Mullone riffed off Chortle's own advice to its reviewers, so ostensibly, I am responding to a response. But Mullone's piece was much more than that, it was a searing critique of critics, well a good old poke anyway...

Liam's full article is here but, meanwhile, here are some edited highlights and some of my counter-musings...

Liam says: You know the Night’s Watch in Game of Thrones? A phalanx of men whose past crimes are forgotten but, in return, they can never know happiness or family or friendship or warmth ever again? That is the vow you take when you become a reviewer...

Verdict: It's a dirty job, but someone has to provide perspective by standing outside of performers to constructively critique them - thereby 'protecting' the public from the artistic equivalent of the White Walkers. Ultimately, no one likes us and we don't care, so yes, we are a lot like the Night's Watch.

Liam says: Ask yourself why you want to be a reviewer. Is it to get into writing? Is it to get into comedy? You can’t go into comedy after reviewing. So ask yourself whether you’re happy to never, ever perform this beautiful and ridiculous craft; this tantalising art that you see played out before you every day for four weeks...

Verdict: Omg. There's an idea that all performers seem to have that if we non-performers played enough games of Zip Zap Bop, pretended to be a tree more or made enough 'hate lists' that we'd all end up bursting out onto the stage like some kind of mass audition for Oliver!, Annie or Bugsy Malone.

I concede that there will be some folk who think that writing about comedy is a way in to performing comedy. The chronology of your career may go this way, but becoming a performer will owe little or nothing to writing about comedy - conversely, the more you write about it, the less you might want to perform.

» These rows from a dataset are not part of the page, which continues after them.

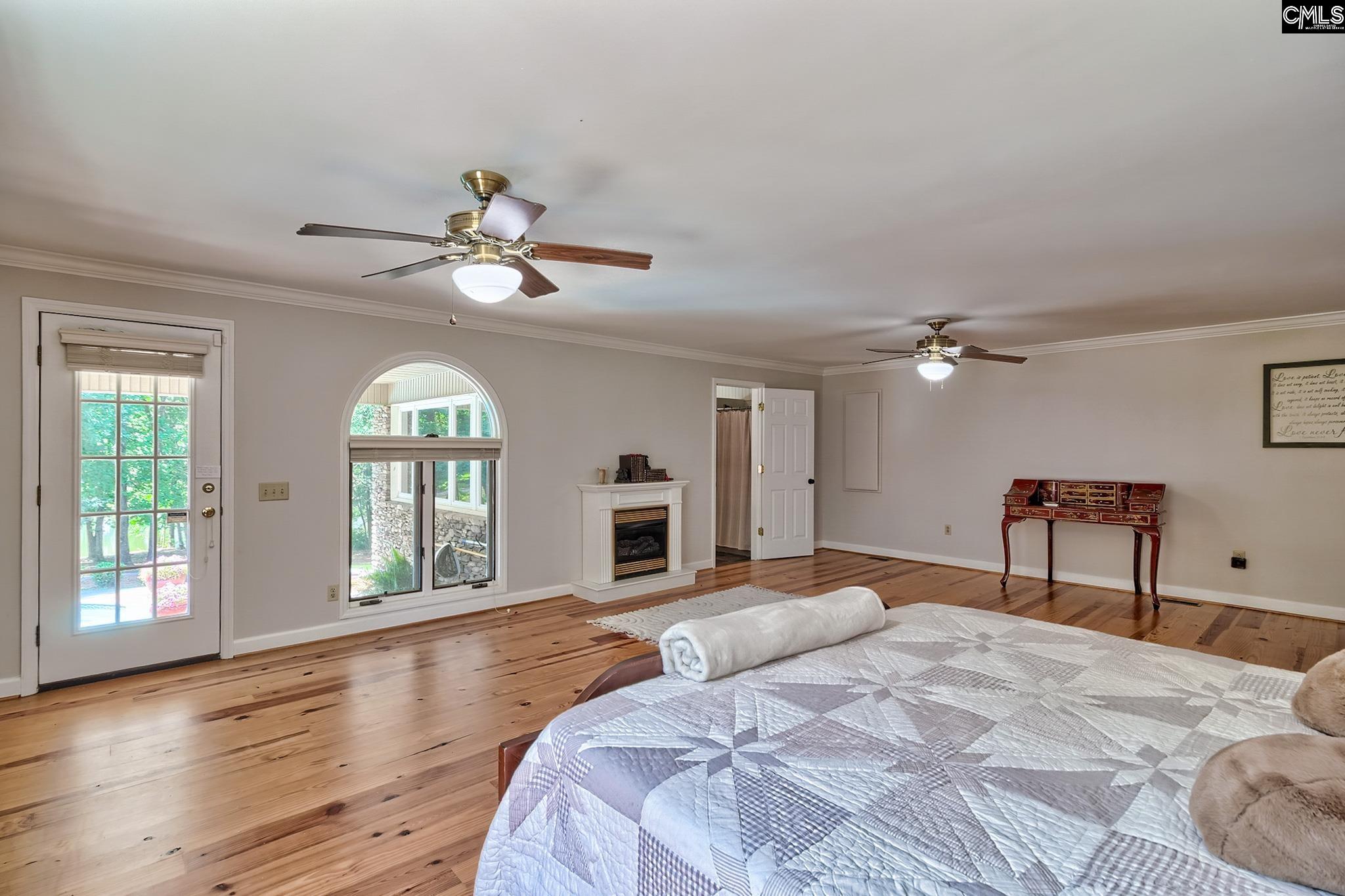 463 Ridge Road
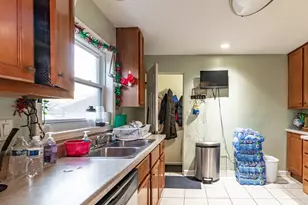 1054 Broadmoor Pl, Deerfield, IL 60015 - Photo 6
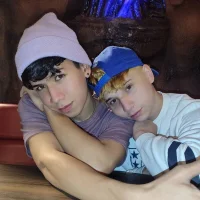 Adann_and_Justins profilbillede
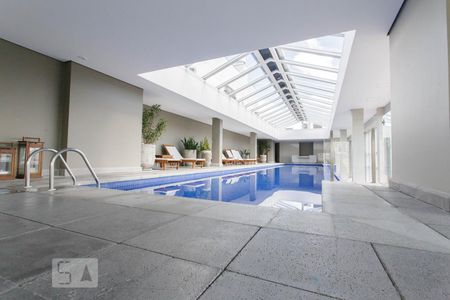 Apartamento para alugar com 54m², 1 quarto e 1 vagaPiscina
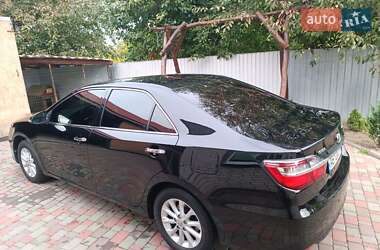 Седан Toyota Camry 2015 в Прилуках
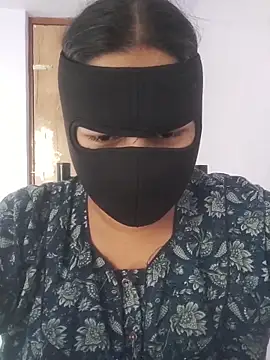 Snapshot of Tamillaxmi12 chatting on April 13, 2026, 2:26 am Tamillaxmi12 online show from April 13, 2026, 2:26 am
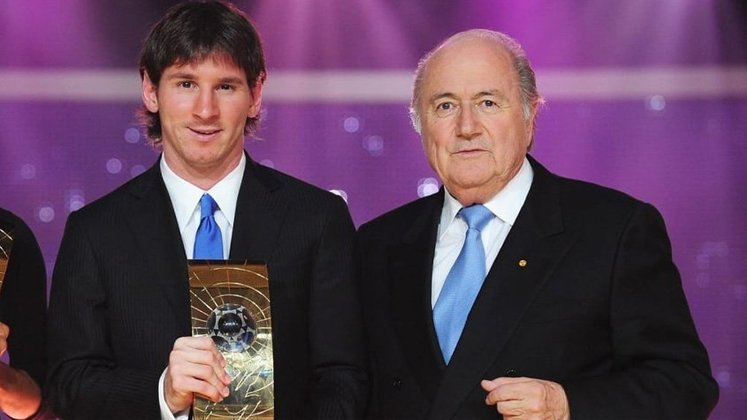 2010 - Vencedor: Messi (Barcelona) - Vice e terceiro: Iniesta (Barcelona) e Xavi (Barcelona).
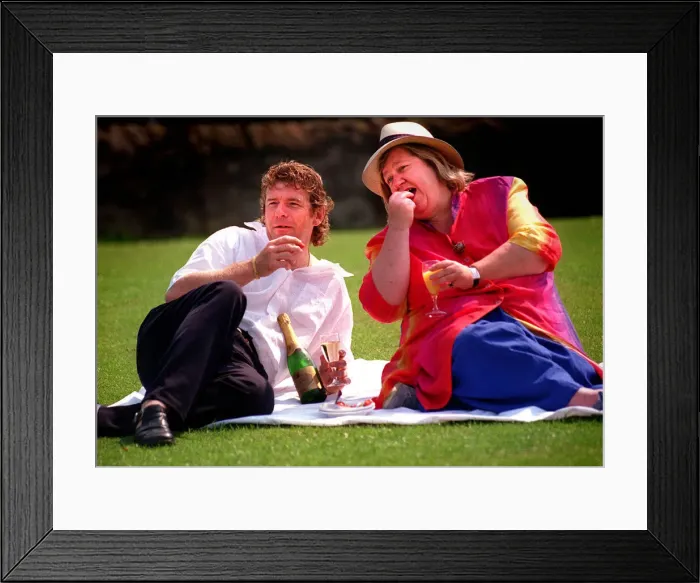 Framed Print : Andy Goram Clarissa Dickson Wright enjoying champagne picnic August 1999 watching Framed Print : Andy Goram Clarissa Dickson Wright enjoying champagne picnic August 1999 watching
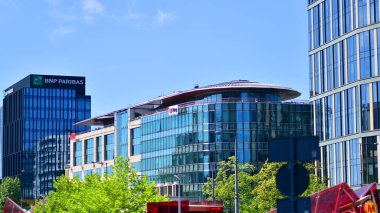 Varşova, Polonya. 31 Temmuz 2024. Wola bölgesinde modern binalarla şehir manzarası.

Liam says: The thing you are assessing is a piece of entertainment, not whether or not you, personally, are having a good time. These things may seem indistinguishable to the very young but, weirdly, it is not the performer’s concern if the toilets smell or the room is too hot or too cold or there’s a bloke in front of you with a dogshit on his head. Until you can float, zen-like, above your immediate circumstances to take in the art before you, then you have no business even being there.

Verdict: Agreed. Some extraneous detail might be useful to flavour your review if it plays a role in the comic's set, but it's not the main event. Meanwhile, if there is someone in front of you with dog poo on them - move.

Liam says: Taking a show to Edinburgh is a triumph of optimism over statistics...You may have seen 20 shows already today, but never forget that you are looking at someone with far, far more courage than you are likely have demonstrated in your entire life thus far.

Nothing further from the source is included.